Environmental Studies and Forestry

Deep-living and diverse Antarctic seaweeds as potentially important contributors to global carbon fixation

L. W. Tait, C. Chin, et al.

Explore groundbreaking research revealing that Antarctic macroalgae contribute significantly more to global carbon fixation than previously estimated, thanks to a team of scientists including Leigh W. Tait and Caroline Chin. Discover the diverse and abundant macroalgal life thriving in the depths of the Ross Sea.... show more
Introduction

The study addresses the prevailing assumption from global habitat models that Antarctica offers little suitable habitat for marine macroalgae, implying negligible Antarctic contributions to global macroalgal carbon fixation. Observations in the Antarctic, particularly south of 71°S, are sparse and largely focused on the Antarctic Peninsula. Yet where studied, Antarctic macroalgal standing biomass can be comparable to or exceed some Arctic and temperate systems, providing habitat and driving benthic food webs with potential for carbon sequestration. Climate change is rapidly altering Antarctic coastal environments via glacial retreat, changing sea-ice extent and persistence, and shifts in sediment and phytoplankton dynamics, all of which affect seafloor light and hence macroalgal depth distributions and productivity. Light availability at the seabed is a fundamental constraint on macroalgal distribution. The research aims to document southern high-latitude macroalgal assemblages, including their depth ranges in the Ross Sea, assess whether observed deep-living populations are consistent with physiological light limits, and estimate Antarctic macroalgae’s potential contribution to regional and global carbon fixation.

Literature Review
  • Global models predict minimal suitable Antarctic habitat for macroalgae, with large brown macroalgae considered limited in southern distribution and depth range.
  • Prior records show Antarctic macroalgae with substantial biomass and ecological roles, mainly from the Antarctic Peninsula; canopy-forming brown algae like Himantothallus grandifolius have verified occurrences to 50–70 m in the Peninsula, and historical southernmost observations near 72°S in the Ross Sea at ~20 m.
  • Deep-living algae in polar regions (especially rhodophytes and phaeophytes) are reported below 40–60 m, with some unverified dredge records down to ~100 m in Antarctica; recent ROV studies verified red algae at ~100 m.
  • Macroalgal detritus transport to deep water and burial indicates potential for long-term sequestration, possibly enhanced in cold polar environments; Antarctic deep export rates appear high.
  • Sea-ice dynamics, glacial retreat, sediment inputs, and phytoplankton phenology strongly modulate light attenuation and thus macroalgal cover and depth distribution, with possible gains from newly ice-free areas but offsets from increased disturbance and turbidity.
  • Global summaries of macroalgal NPP show a wide range, with Antarctic rates potentially comparable to temperate/tropical estimates under favorable light conditions.
Methodology

Study area and surveys: Two NIWA RV Tangaroa voyages (Jan–Feb 2021 and 2023) surveyed coastal Ross Sea, Antarctica (northern Victoria Land, ~71–75°S), targeting five ice-free locations from Robertson Bay (west of Cape Adare) to Terra Nova Bay. A total of 25 stations were surveyed between 40 and 250 m depth.
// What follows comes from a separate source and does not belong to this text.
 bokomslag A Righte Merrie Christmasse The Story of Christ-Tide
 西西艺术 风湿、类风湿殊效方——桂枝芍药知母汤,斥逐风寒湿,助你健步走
Seafloor mapping and imaging: Un-navigated shallow coastal areas were mapped with a Kongsberg EM302 multibeam echosounder (MBES). Benthic imagery was collected using the Deep-Towed Imaging System (DTIS) along 200–500 m transects (parallel to shore), at 2.0–3.5 m altitude. DTIS recorded continuous HD video (Sony HDR PJ 760VE, 1080p) and 24 MP stills (Nikon D3200) every 10 s; a low-resolution real-time video aided altitude and habitat targeting. Position and depth were tracked using SIMRAD HiPAP. Parallel lasers enabled image scaling. A Seabird Micocat CTD recorded salinity, temperature, and depth during deployments. Sea-ice presence affected exact deployment depths.

Navigation and data handling: DTIS positions were plotted in real time using OFOP; navigation, camera commands, and annotated observations (substrata, assemblages) were logged and archived via the vessel’s DAS.

Imagery processing: Taxonomists processed DTIS imagery. Clearly attached macroalgal thalli were identified to the highest possible taxonomic level using video, higher-resolution stills, and collected specimens. Functional groups were annotated using modern taxonomy where possible; otherwise, a simplified scheme based on CATAMI was applied. Densities (m−2 or m−3 along transects) were computed as abundance divided by transect area (length × width), with width derived from laser scaling at multiple points. Ortho-mosaics were created from frame-grab stills using Agisoft Metashape and scaled using laser references at six evenly distributed points per transect.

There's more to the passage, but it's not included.